What is Judaism? When did Judaism begin?

What is Judaism? What do Jews believe? When did Judaism begin? Rabbi Berel Wein explains the core beliefs and frameworks of Judaism, and what makes it different from other religions

What is Judaism?
Judaism is the oldest of the monotheistic religions in the world. The basic ideas and moral values of Western civilization are based on Judaism.
 
Judaism is unlike Christianity and Islam because Judaism doesn’t actively proselytize anyone. Judaism believes that all human beings have a share in the world to come.
 
Judaism obligates Jews to perform daily ritual commandments of the Torah , such as the Sabbath, dietary laws, family purity laws etc.
 
Jews are meant to be the influential moral force in the world, like G-d said to our Forefather Abraham “The world will be blessed through you and your descendants”.
 
Judaism is based upon the fact that there was a revelation at Mount Sinai in front of millions of Jews.
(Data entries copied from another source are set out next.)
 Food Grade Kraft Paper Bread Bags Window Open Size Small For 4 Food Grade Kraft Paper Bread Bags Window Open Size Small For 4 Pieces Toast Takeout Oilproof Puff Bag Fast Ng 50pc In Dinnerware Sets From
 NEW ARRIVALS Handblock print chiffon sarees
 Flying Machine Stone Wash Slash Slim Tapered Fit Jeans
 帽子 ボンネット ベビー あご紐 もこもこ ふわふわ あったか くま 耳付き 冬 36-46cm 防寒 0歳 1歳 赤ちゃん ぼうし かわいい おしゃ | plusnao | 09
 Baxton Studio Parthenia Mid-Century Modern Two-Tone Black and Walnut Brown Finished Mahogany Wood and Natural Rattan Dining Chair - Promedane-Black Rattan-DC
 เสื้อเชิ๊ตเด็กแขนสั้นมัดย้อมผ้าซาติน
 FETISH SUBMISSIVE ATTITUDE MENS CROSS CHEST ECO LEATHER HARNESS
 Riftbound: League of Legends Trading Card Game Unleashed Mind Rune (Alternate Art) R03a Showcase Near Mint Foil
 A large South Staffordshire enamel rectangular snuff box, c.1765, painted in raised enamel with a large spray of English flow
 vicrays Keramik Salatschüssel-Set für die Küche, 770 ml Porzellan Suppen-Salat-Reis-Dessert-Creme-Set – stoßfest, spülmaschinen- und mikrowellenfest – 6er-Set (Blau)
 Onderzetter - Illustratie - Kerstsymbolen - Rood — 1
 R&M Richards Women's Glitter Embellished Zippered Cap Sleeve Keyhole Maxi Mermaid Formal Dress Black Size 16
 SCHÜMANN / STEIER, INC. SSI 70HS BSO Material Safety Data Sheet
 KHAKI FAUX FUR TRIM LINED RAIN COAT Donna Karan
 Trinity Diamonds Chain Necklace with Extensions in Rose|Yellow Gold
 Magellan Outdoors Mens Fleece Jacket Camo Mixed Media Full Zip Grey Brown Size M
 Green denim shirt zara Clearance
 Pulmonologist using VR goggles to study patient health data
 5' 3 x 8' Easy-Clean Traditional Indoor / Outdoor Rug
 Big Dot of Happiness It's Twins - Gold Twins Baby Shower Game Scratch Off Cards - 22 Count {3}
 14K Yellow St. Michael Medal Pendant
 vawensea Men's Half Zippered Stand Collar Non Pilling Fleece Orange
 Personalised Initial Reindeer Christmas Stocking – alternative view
At the revelation on Mount Sinai the Jewish People received the 10 commandments and the Torah. The Torah (Hebrew Bible) is the book by which G-d intended Jews to live by and which influences all of mankind. The revelation at Mount Sinai is the central core of Jewish belief.
 
Judaism is clearly defined; it is a system of behavior that is divided into laws that govern our relationship with the Creator and our relationship with other human beings. The Torah is a way of pleasantness, kindness and goodness, as well as a practical way of life.
 
Judaism includes the Written Torah, the Oral Torah, Torah Laws, customs, traditions mysticism and more.
 
Judaism doesn’t preach intolerance to others and doesn’t force itself upon others. Judaism however is particular to the Jewish People and demands a great deal from the people as a whole and from each and every individual Jew.
 
Judaism teaches us that we are responsible for our actions and that reward and punishment are a part of life and afterlife. It teaches us that there is immortality to the soul; that life doesn’t end with death. It teaches us that raising children and having a family is itself the blessing G-d wanted us to have.
 
Jewish life and Jewish continuity is dependent upon the behavior of Jews in each and every generation.
 
There are ‘so to speak’ different streams of Judaism today, though those streams don’t define Judaism, they define different types of Jews. The idea of knowing, understanding and learning about Judaism is therefore central to Jewish life and Jewish survival.
 
A Jew should always attempt to become knowledgeable and know more about his faith, the history of the Jewish People and the reason we were created.